On the agenda for this weeks blog: the produce list, some ideas on how to use borage and other veggies this week, and then some overall updates about the farm and season.
This week’s produce share includes:
- Cherry tomatoes
- Heirloom tomatoes
- Green beans
- Hot peppers
Borage is probably the most interesting things in this week’s box. Here is what farmer Molly at Ambassador Fridge has to say about it:
“Borage is a gardeners best friend! Both the leaves and flowers are edible and taste like sweet herbal cucumber. In fact, the plant is an excellent source of Omega 6 fatty acids, vitamin B, beta-carotene, fiber, and many minerals and makes a great dietary supplement. It’s flowers attract honey bees, bumble bees, and myriad native pollinators to the garden. It regularly self-sows it’s seeds, and will return year after year if you let it. It’s very low maintenance plant, and will continue to bloom July-September in our climate. Even after the plant is done for the season, it makes a great addition to the compost pile– adding desirable organic matter and all those minerals to the mix. The list goes on and on!
Leaves are best eaten young before they grow their prickly hairs. Older leaves may be sauteed and used as a spinach substitute. The flowers may be eaten fresh or candied for a floral treat.”

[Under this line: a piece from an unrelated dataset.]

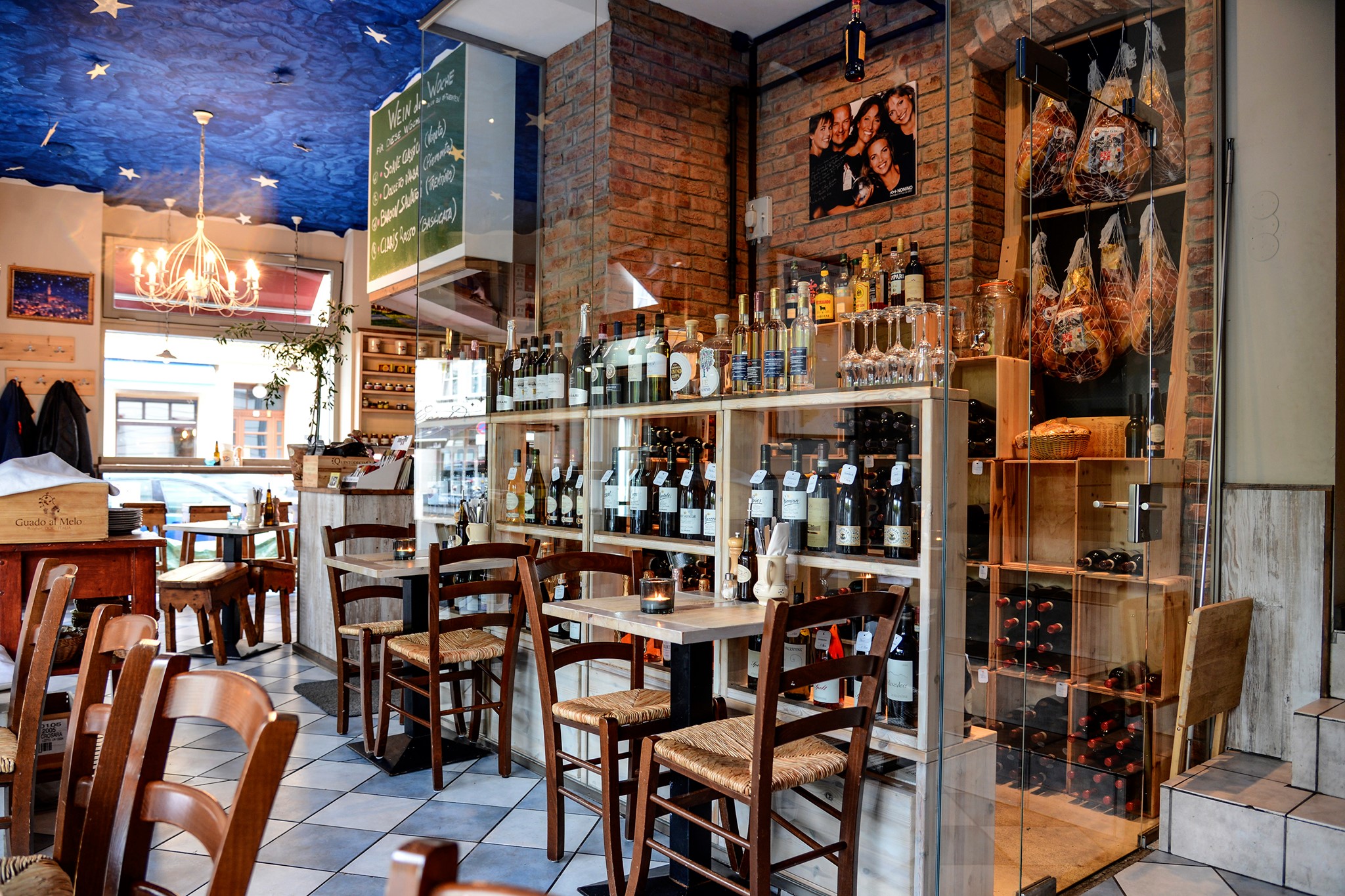 Mozzarella Bar Bottega Trueitalian Top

Here are some other recipes from past year’s blogs to help you use this week’s veggies:
At our house the hot peppers go quickly, but don’t worry if you’re slower to use them. Most hot peppers are thin skinned and will dry if you hang them on a string. You can also pickle them in the fridge in a 50/50 water and vinegar mix with salt and other spices added to taste.
So now a little update on the season. We know some of the shares the past few weeks have been a little light, and don’t meet our usual standards for variety- we usually strive for 7 different items plus an herb, giving you 3 types of tomatoes like last week is not our favorite.
If you read our FAQ and Member Handbook (which of course you all did!) you know that rolling with the ups and downs of the season is part of the contract we make with our CSA members, but we also work really hard to be sure if we have a couple of lame weeks that we’ll make up for it later. Plus we like to let you know what is going on that is contributing to some tough weeks.
So weather- people often ask me if the weather this year is “weird”. In a world of climate change I think we can expect the answer to that to always be yes. This year started with lots of rain and early insect pressure (flea beetles nearly killed off my eggplant crop about a day after I planted it). In some ways the rain was great, but it delayed some spring planting. While that early spring delay didn’t necessarily impact the CSA much at first, it did mean that the crops that followed- which would have been coming ripe in early August- were also delayed and sometimes didn’t get in. For example at my place, Fields of Plenty, that means I am only growing one row of beans instead of three, and didn’t get in a fall crop of cabbage. On the plus side, I am making up for that with extra fall crops like lettuce, turnips, and radishes.
We also had a very dry first half of August (the rain last night and today was divine). This slowed down the growth of some of our hearty greens like chard, kale, and collards. While we have still been getting those into the CSA, some of our bunches have been smaller than we’d like. Now that things are cooling off and getting wetter these crops should be booming in no time.
Weeds are another thing that LOVED our wet beginning to the summer. Weeds are always an issue, and any little disruption in the schedule can give them the time and space to get totally out of control. Along with pest pressure this inspired our main salad green grower to just plow everything under and start over for the fall. Sometimes that is the best course of action and we look forward to offering more Wild Earth greens later in the season.
I mentioned above that the spring brought a lot of pest pressure and that my eggplant ALMOST was killed off by flea beetles. Luckily it wasn’t and while we are way behind schedule, we should be able to get at least a little eggplant into September CSA.
Finally, we’ve got all sorts of other later summer/fall delights coming your way. Detroit Mushroom Factory shut down during the hottest part of the year, but we plan to get those into the CSA for at least one more round this fall. While we offered up some early, new potatoes already this summer there are more in the ground that will be coming to you this fall and in our Storage and November Bonus shares. We have lots of winter squash and pumpkins growing their slow vine-y way into fall and Storage shares as well.
Community Supported Agriculture really helps all of us growers out when it comes to making all of this work- by having the money up front we are able to roll over these bumps in the road and make sure we can power through the small disasters and still get a strong finish to the season. Thanks for hanging in there during the lighter weeks, we promise to weigh your shares down this fall.